In the two years since the end of Knox's first trial, several books have offered outraged assertions of her guilt or innocence. Movies have gone into production. Headlines have done battle across the front pages of newspapers in Italy and abroad. Trial evidence tends to be dry, technical and, in the hands of a skilled lawyer, ambiguous. The facts, such as they were, paled next to the lurid impression left by a made-for-TV movie depicting Knox thrusting the knife into her roommate. Nor does it match up well against a book, like the one published by Rocco Girlanda, an Italian parliamentarian, who recounts his visits to Knox in prison and the friendly conversations he enjoyed with her. "I expected a girl that was all sex, drugs and rock 'n' roll," Girlanda told TIME. "Instead, I found a girl that was calm, mature, polite and very open to culture. From what I saw, I think it's impossible that this type of person, with such humanity, can have done what she's accused of."

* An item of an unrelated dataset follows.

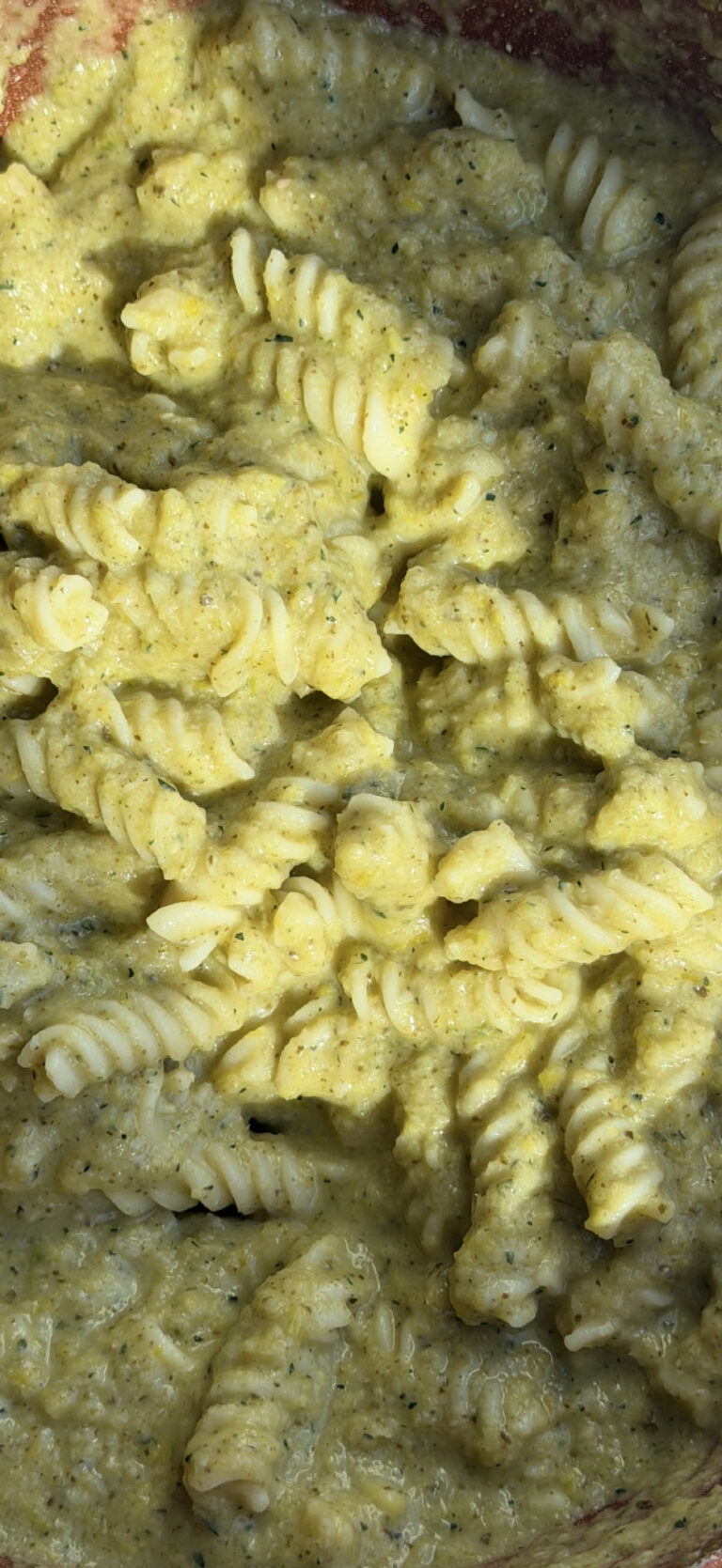 Sauce crémeuse aux légumes & haricots blancs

Knox, of course, is neither saint nor sinner. Or perhaps more precisely, she's a mix of both. But most of all, she's a 24-year-old woman accused of murder, waiting to hear the judgment against her, while outside the courthouse, her family members are mobbed by journalists begging for quotes to spin into stories. As the two defendants wait to find out how they will spend the better part of the rest of their lives, it's worth remembering that the television cameras pointed at them and the notebooks open on the reporters' knees may have done more to shape the truth than they did to report it.